Acadêmicos se preocupam com uma possível colonização cultural. “A igreja, em pleno século 21, insiste em um processo de evangelização que ecoa em muito aquele realizado pelos jesuítas nos primórdios da colonização”, critica o antropólogo Pedro de Niemeyer Cesarino, pesquisador de etnologia indígena e professor da USP.

Ele cita como exemplos de estratégias a tradução de textos em línguas indígenas e a criação de uma liturgia adaptada, “que pretende sobrepor a fé e os valores cristãos às culturas indígenas”.

“Por que, efetivamente, seria necessário tal rito?”, questiona Cesarino. “Parece haver um pressuposto de que as culturas indígenas são inferiores, de que precisam de algum complemento externo.”

O antropólogo da USP defende que a igreja deveria se circunscrever “à posição de assistência social e sanitária”.

“Essa forma de assistência pode ser muito relevante para os povos indígenas, em especial no atual contexto de perseguição e de desmonte das políticas de Estado. Tal compensação já justificaria por si só o maior dos valores cristãos, a fraternidade, dispensando a insistência em um proselitismo anacrônico e colonialista.”

Sua colega, a antropóloga Marta Amoroso, prefere enaltecer o fato de a igreja ter lançado, com o sínodo, um olhar sobre a Amazônia em um cenário de crise ambiental. Ela cita políticas “de estímulo e apoio aos megaprojetos das hidrelétricas, das petroleiras, da exploração de minérios, das atividades da monocultura, de concessões de áreas florestais e de programas de privatização do uso da água em curso na região”.

“[Quanto ao rito], é importante entender que a atitude do Vaticano se respalda na temática da igreja inculturada, que afirma que a liturgia deve buscar expressar o mistério de Cristo em matizes particulares das culturas locais.”
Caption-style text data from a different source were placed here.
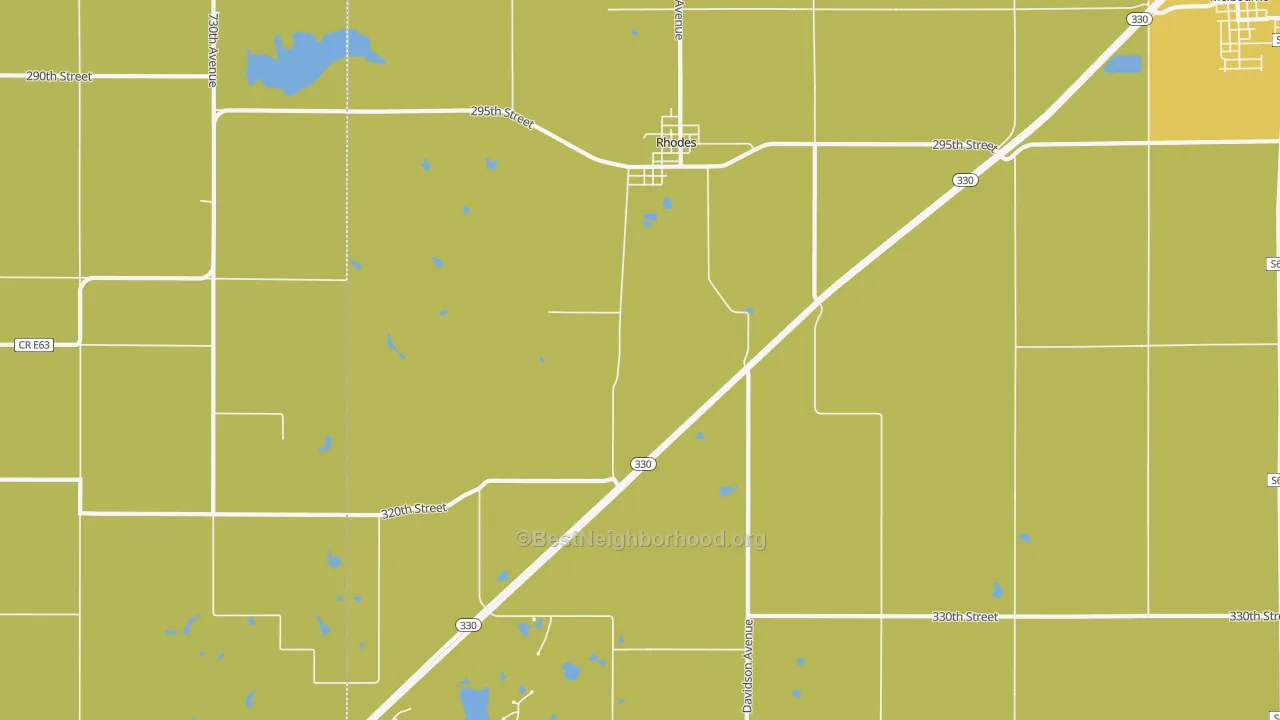 Map of the best neighborhoods in the 50234 area, with better matches in green and worse matches in red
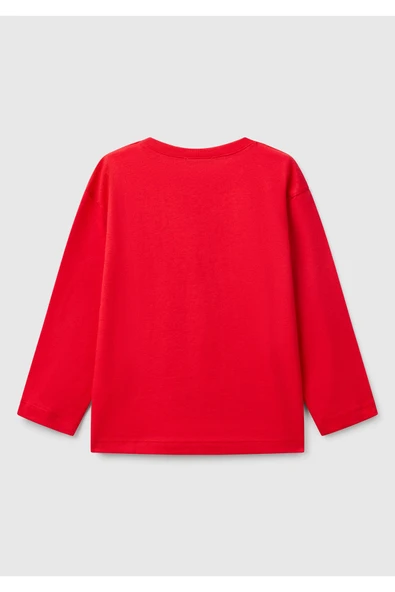 Erkek Çocuk Kırmızı Benetton Logo Baskılı Uzun Kollu T-Shirt - 2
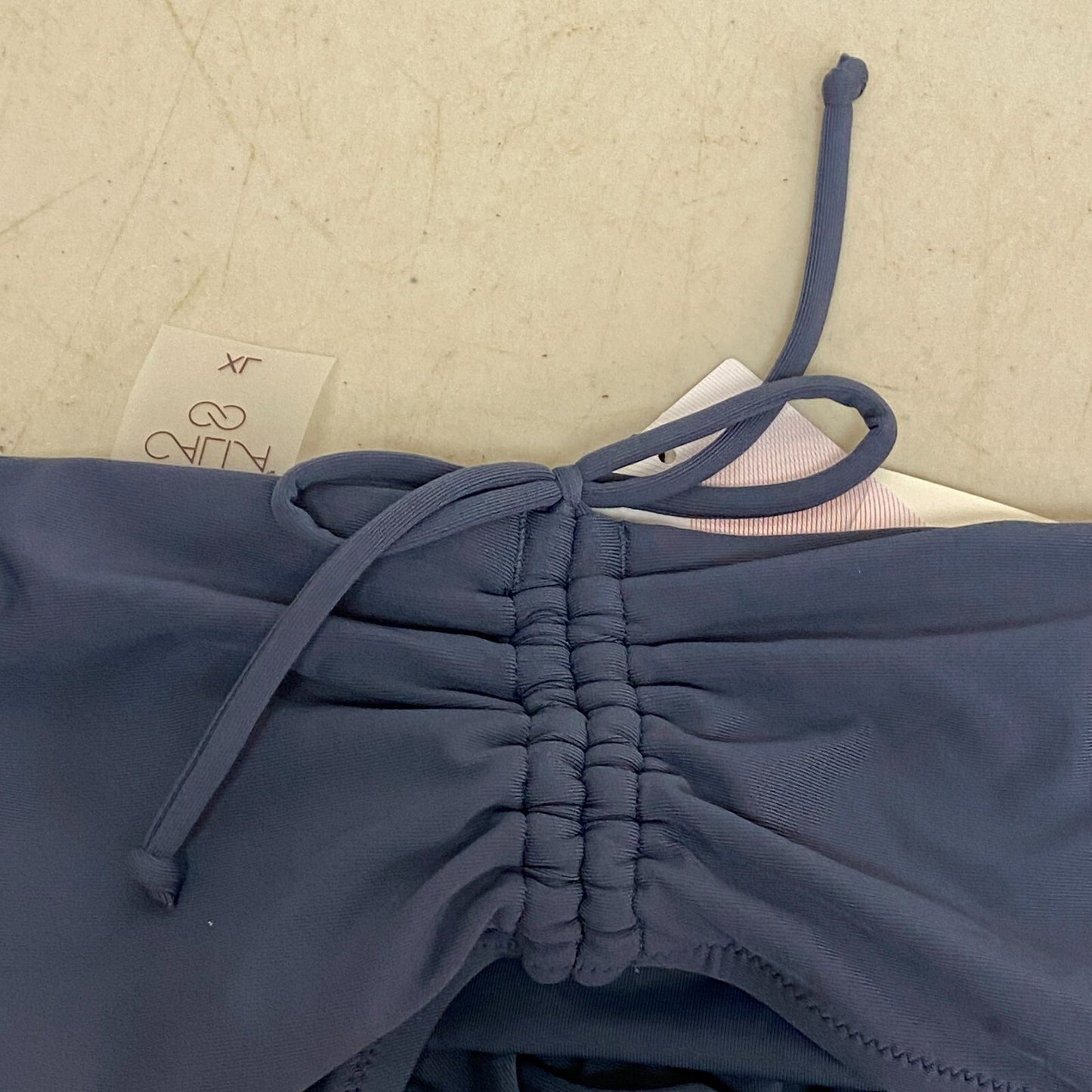 Calia CALIA Women's Mid Rise Ruched Swim Bottoms Ardosia Slate Solid WSA20402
Amoroso recorda que durante os encontros preparatórios do sínodo, os índios tucano do noroeste amazônico, “que se afirmam católicos praticantes, esperavam da igreja o reconhecimento dos erros do passado: a violência física praticada nos internatos católicos, os programas educacionais de viés aculturativo baseados no apagamento das línguas indígenas, das concepções e das práticas dos povos indígenas”.

Por outro lado, há quem defenda que somente com a criação de um rito amazônico as outras mudanças solicitadas no relatório final do sínodo podem vir a acontecer.

“Dentro de um rito específico se pode pensar melhor casos específicos, como a ordenação de padres casados e a criação de mulheres diaconisas”, disse o padre sinodal Justino Sarmento Rezende, índigena tuiuca, em conversa via WhatsApp com o frade capuchinho Paulo Xavier Ribeiro, pároco da Igreja de São Sebastião, de Manaus. “Esses temas não cabem bem no rito romano.”

Para isso, lembra Rezende, será criado um dicastério amazônico dentro do Vaticano –e o órgão fará estudos. “Também será feita uma conferência pan-amazônica para tratar de concretizar tudo aquilo que foi tratado no sínodo.”

Ex-presidente do Conselho Indigenista Missionário, órgão da Conferência Nacional dos Bispos do Brasil, o padre alemão Paulo Suess avalia que “um rito amazônico seria pouco”. “Precisa-se abertura para a criatividade das comunidades e dar [a elas] apenas uma moldura que permita liberdade para essa criatividade.”